Upcoming storage node improvements including benchmark tool

Ruskiem · May 7, 2024, 11:25pm

Hi and “WUT?”
looks like some speed advertisement from a package of a SSD disk,
and reality, well we all know whats reality … ;>
pls test it on some normal environment, like windows 10 ;>

littleskunk · May 7, 2024, 11:29pm

Told ya you need to test it yourself otherwise you will not believe it. This was one of my slower hard drives.

Mitsos · May 7, 2024, 11:30pm

What are the downsides of filestore.force-sync=false?

littleskunk · May 7, 2024, 11:33pm

In case of a power loss or some similar issues your node would lose what ever it hasn’t written on disk. Some failed audits will be the consequence.

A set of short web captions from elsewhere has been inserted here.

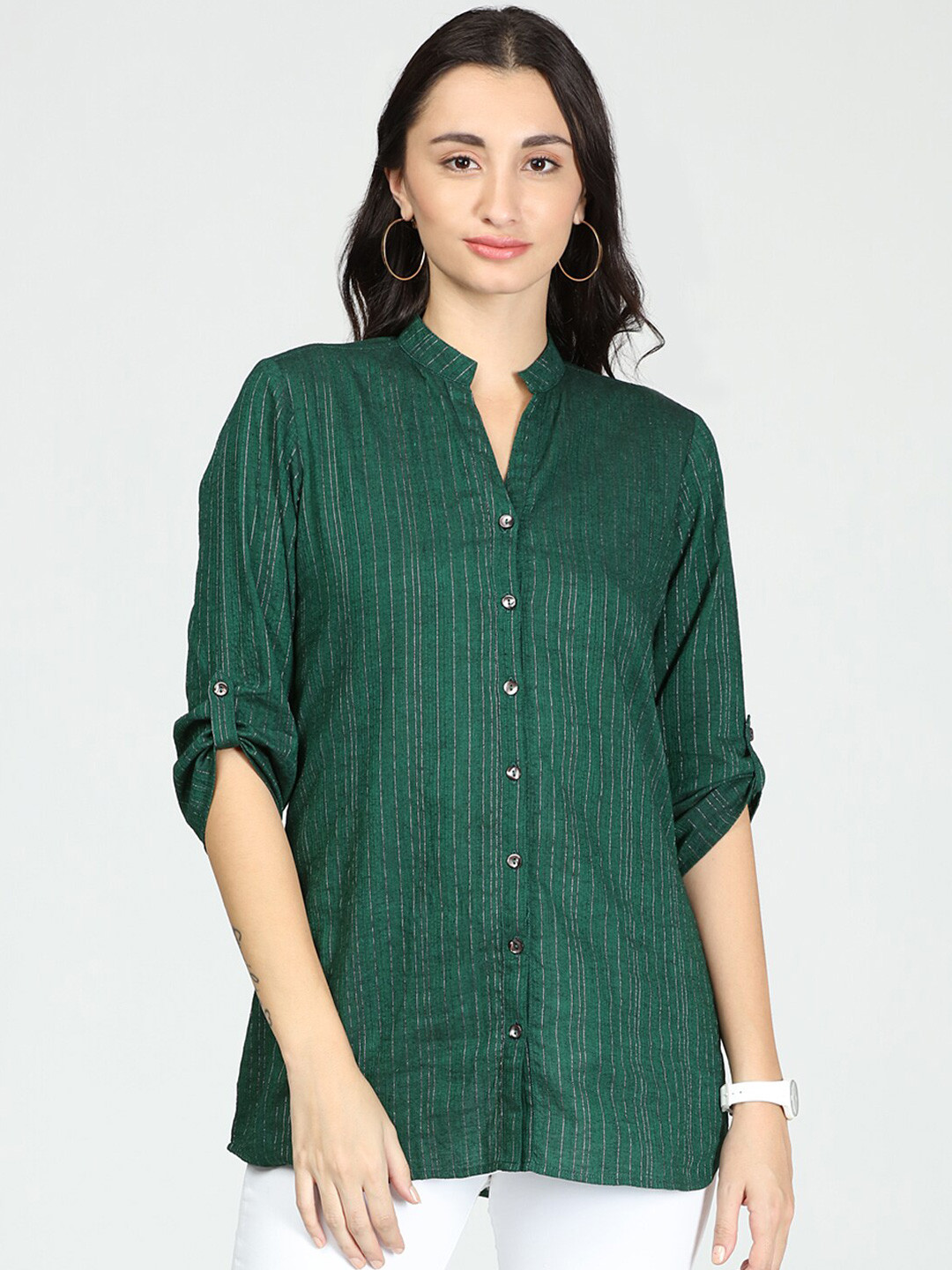 

IDK Green Roll-Up Sleeves Pure Cotton Shirt Style Top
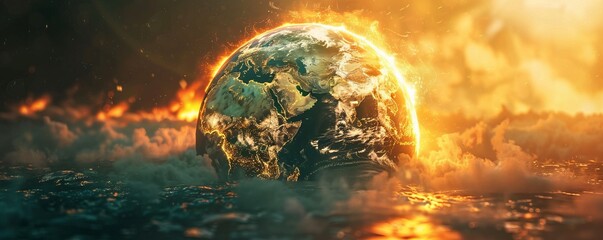 Global warming save world earth day concept made with generative ai technology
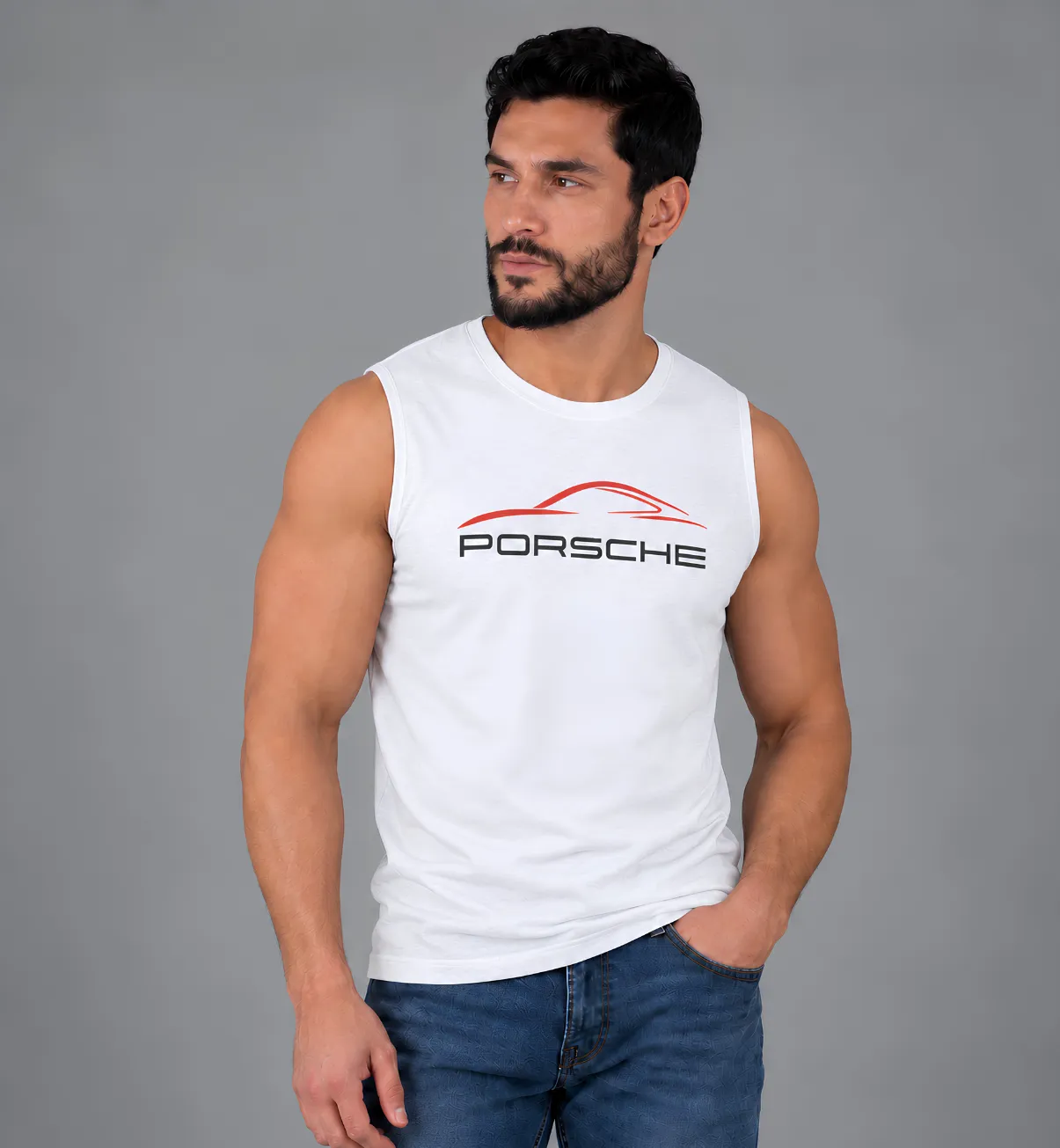 Men’s Sleeveless Porsche Print T-Shirt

Mitsos · May 7, 2024, 11:34pm

We are talking about the kernel’s commit to disk time and depending on the ext4 journal?

Roxor · May 7, 2024, 11:37pm

I think what you need to make clear is that the drives don’t finish the writes until sometime after the benchmark completes, when fsync is off. Your OS was in the background… with the writes queued in RAM… completing them as fast as it could. (iostat or ‘zpool iostat’ will show that background activity)

littleskunk · May 7, 2024, 11:38pm

I can repeat myself a few more times. Told ya you need to test it yourself otherwise you will not believe it.

BrightSilence · May 7, 2024, 11:40pm

Unrelated to why you mention it, but since bandwidth usage is now cached in memory, I assume stats that haven’t been persisted will also get lost in this scenario. I scanned the commit (admittedly fast) and didn’t see anything about it being persisted on shut down of the node. Did I overlook something? If not, that would mean losing some bandwidth data every time the node updates or is restarted?

littleskunk · May 7, 2024, 11:42pm

I believe yes. Same goes for the TTL DB. Garbage collection will be the backup for that one.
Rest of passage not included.